> [ACTIVITY]
Write out the data exactly, please, and omit the pictures.

> [INFORMATION SHOWN]
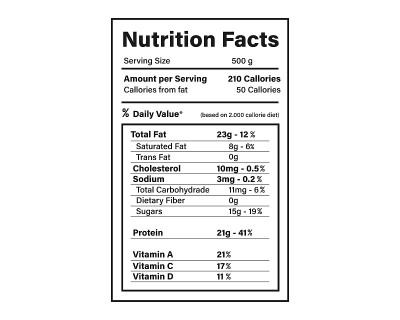 营养成分标签。成分的信息。每日摄入量的百分比。食物中的卡路里、脂肪和维生素。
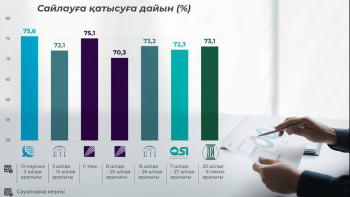 Фотография к новости: «Сайлау-2026»: Электоралдық көрініс айқындала түсуде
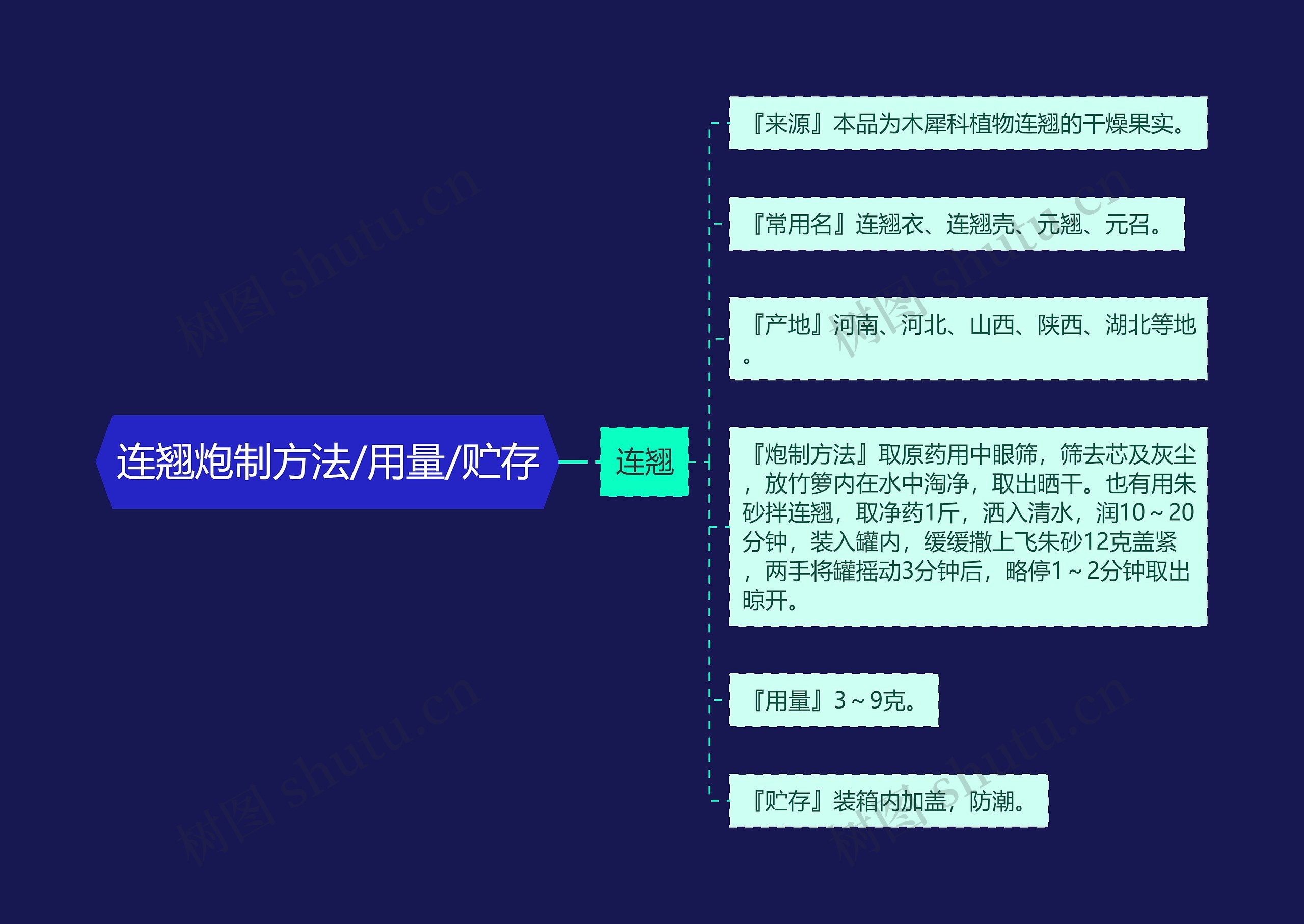 连翘炮制方法/用量/贮存 连翘炮制方法/用量/贮存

> [EXPECTED OUTPUT]
 营养成分标签。成分的信息。每日摄入量的百分比。食物中的卡路里、脂肪和维生素。
 Фотография к новости: «Сайлау-2026»: Электоралдық көрініс айқындала түсуде
 连翘炮制方法/用量/贮存 连翘炮制方法/用量/贮存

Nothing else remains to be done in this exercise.